Shaken by a second round of attempted bombings on London trains and buses, my thoughts return to the buzz of a just a couple weeks ago – all the talk about citizen journalism’s big moment, the photos and video clips captured on phones and digital cameras, instantly proliferating through the media consciousness. During that time, Mark Glaser wrote a thoughtful piece for USC’s Online Journalism Review (OJR), in which he asks whether what we are seeing is not, in fact, the rise of a sordid, citizen paparazzi. Glaser’s article contains some sobering passages describing the scenes of carnage and the crowding amateur photographers, their phones outstretched. This is from a couple of posts (1, 2) Glaser found by a British blogger who survived the attacks:
The victims were being triaged at the station entrance by Tube staff and as I could see little more I could do so I got out of the way and left. As I stepped out people with cameraphones vied to try and take pictures of the worst victims…
…These people were passers-by trying to look into the station. They had no access, but could have done well to clear the area rather than clog it. The people on the train weren’t all trying to take pictures, we were shocked, dirty and helping each other. People were stunned, but okay. The majority of the train was okay as I walked from my carriage (the last intact one) down through the train I saw no injuries or damage to the remaining four or so carriages. Just people dirty and in shock. The other direction wasn’t so pretty, but you don’t need an account of this and what I saw, watching TV is enough.
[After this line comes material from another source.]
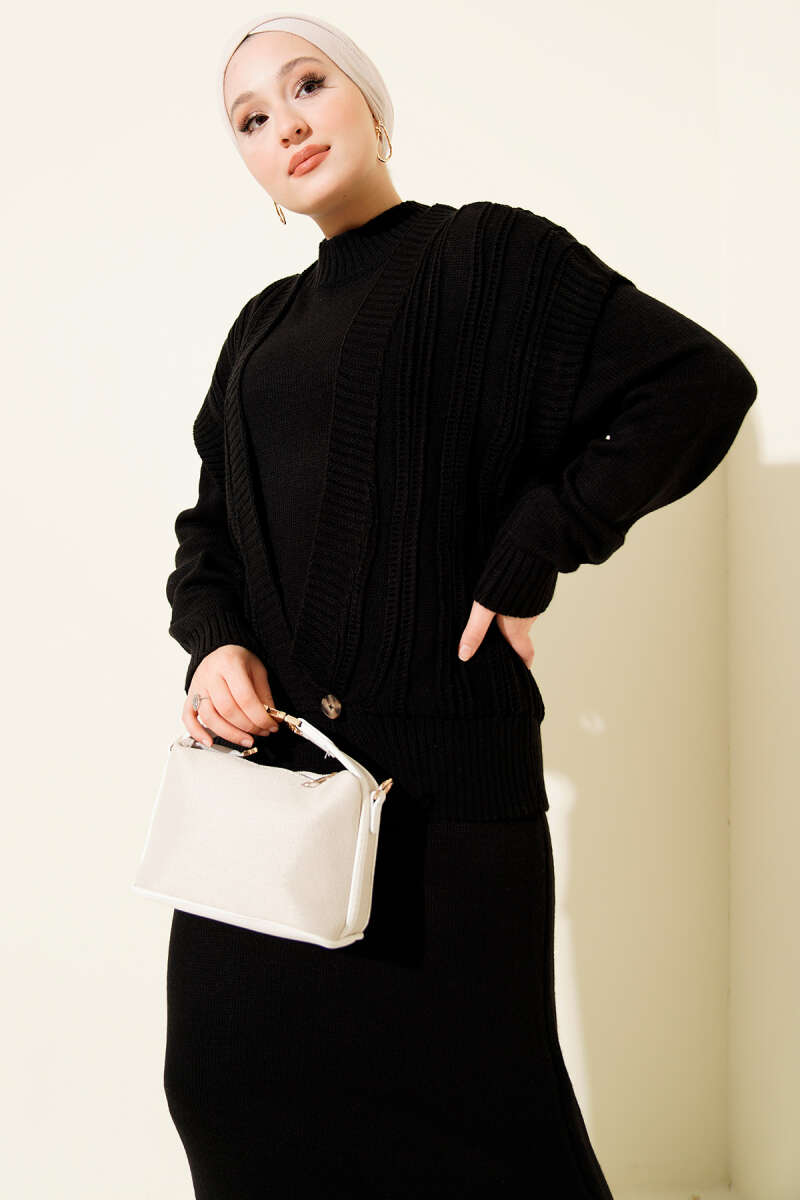 Knit Dress and Vest Two-Piece Set - Black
It’s not yet clear whether this latest string of botched attacks was a reprise by the group responsible for July 7, or whether these were copycats, operating in the psychological wake of the original bombings. Copycat crime is nothing new, and it would be a stretch to attribute it to an increase in digital rubbernecking (I’m of the opinion that violence in the media makes people more afraid, not more violent). There’s no doubt that some of the amateur photos and clips helped convey the reality of the attacks in a way that journalists could not. But I can’t help but feel that our techno-voyeurism is one of the things that makes terrorism so effective beyond the immediate points of impact. We are one, big, hyper-sensitive nerve. A few, well aimed pokes can send spasms through the whole system.